WORK ITEM
Using the entries that follow, transcribe only the lines from the line with "This is all" to the line with "White oaks, when", both included, exactly as they stand and without pictures.

THE RECORDS
_ _ _ _

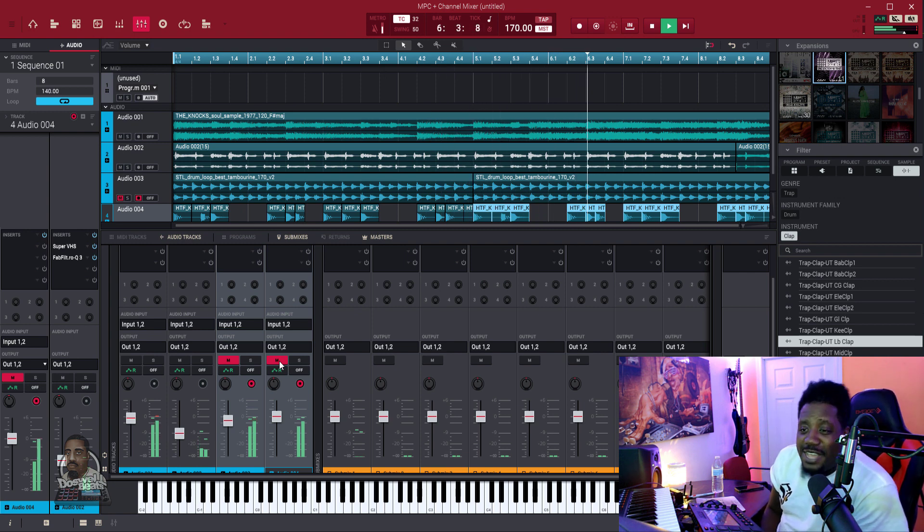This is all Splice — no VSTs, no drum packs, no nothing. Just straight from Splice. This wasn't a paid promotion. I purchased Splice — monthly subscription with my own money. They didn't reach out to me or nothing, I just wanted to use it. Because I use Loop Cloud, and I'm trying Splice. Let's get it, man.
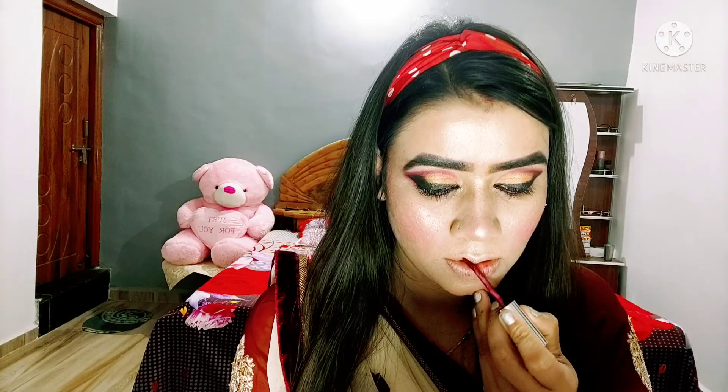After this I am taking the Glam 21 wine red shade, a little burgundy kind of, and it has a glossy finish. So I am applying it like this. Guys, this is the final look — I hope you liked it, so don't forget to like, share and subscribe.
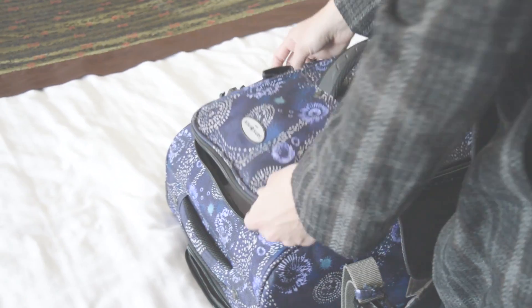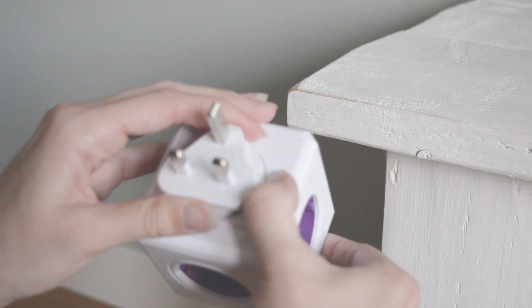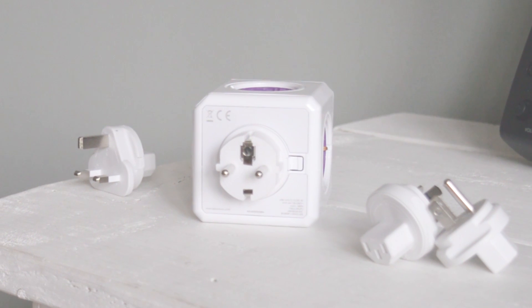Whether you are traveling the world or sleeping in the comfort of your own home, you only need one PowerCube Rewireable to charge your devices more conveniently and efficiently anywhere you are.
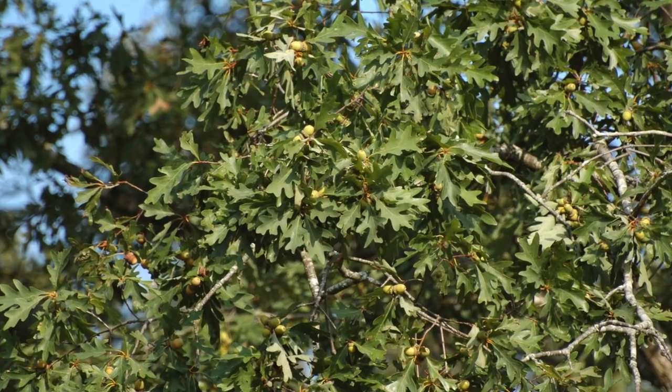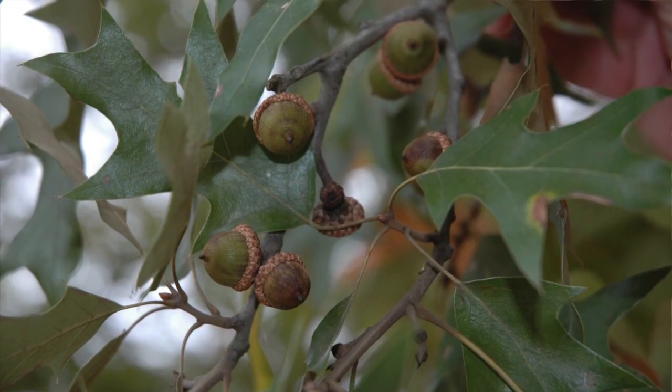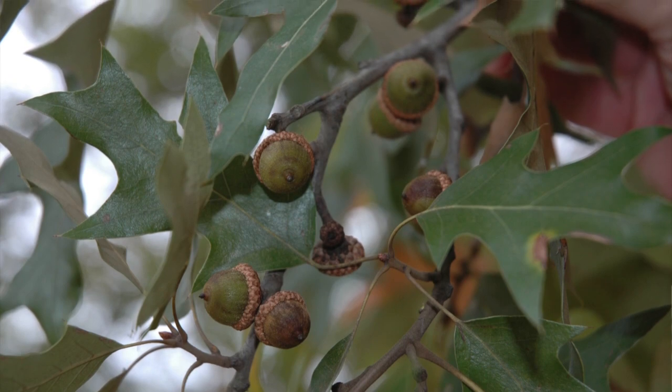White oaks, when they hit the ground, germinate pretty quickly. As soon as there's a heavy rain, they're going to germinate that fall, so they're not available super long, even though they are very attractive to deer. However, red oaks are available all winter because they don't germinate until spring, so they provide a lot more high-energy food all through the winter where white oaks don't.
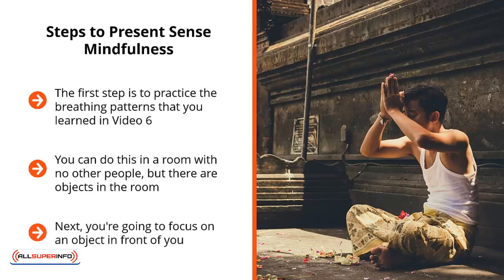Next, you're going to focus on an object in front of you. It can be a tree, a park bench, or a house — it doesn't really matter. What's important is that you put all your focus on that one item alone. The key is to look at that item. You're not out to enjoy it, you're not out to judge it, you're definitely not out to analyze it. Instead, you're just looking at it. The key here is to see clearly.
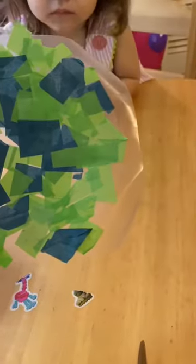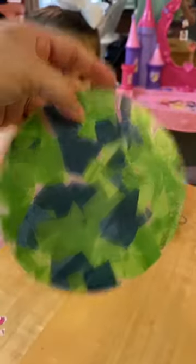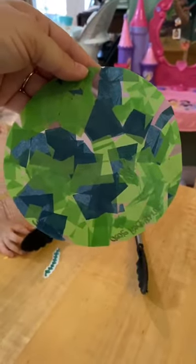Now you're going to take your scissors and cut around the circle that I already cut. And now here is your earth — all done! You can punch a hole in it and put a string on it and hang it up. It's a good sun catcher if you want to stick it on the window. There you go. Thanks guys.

_ _ _ _

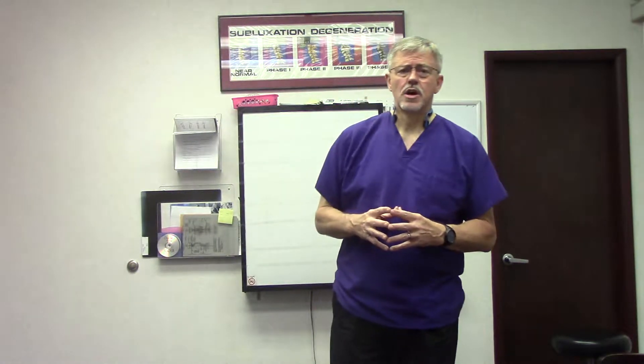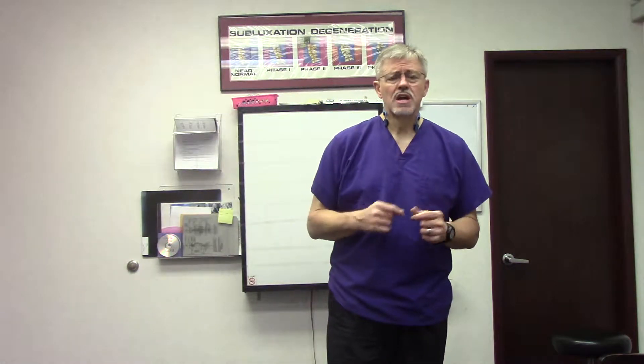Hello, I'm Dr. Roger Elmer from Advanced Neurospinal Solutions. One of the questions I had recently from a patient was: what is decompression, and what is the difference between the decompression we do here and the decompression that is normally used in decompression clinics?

_ _ _ _

TASK OUTPUT
This is all Splice — no VSTs, no drum packs, no nothing. Just straight from Splice. This wasn't a paid promotion. I purchased Splice — monthly subscription with my own money. They didn't reach out to me or nothing, I just wanted to use it. Because I use Loop Cloud, and I'm trying Splice. Let's get it, man.
After this I am taking the Glam 21 wine red shade, a little burgundy kind of, and it has a glossy finish. So I am applying it like this. Guys, this is the final look — I hope you liked it, so don't forget to like, share and subscribe.
Whether you are traveling the world or sleeping in the comfort of your own home, you only need one PowerCube Rewireable to charge your devices more conveniently and efficiently anywhere you are.
White oaks, when they hit the ground, germinate pretty quickly. As soon as there's a heavy rain, they're going to germinate that fall, so they're not available super long, even though they are very attractive to deer. However, red oaks are available all winter because they don't germinate until spring, so they provide a lot more high-energy food all through the winter where white oaks don't.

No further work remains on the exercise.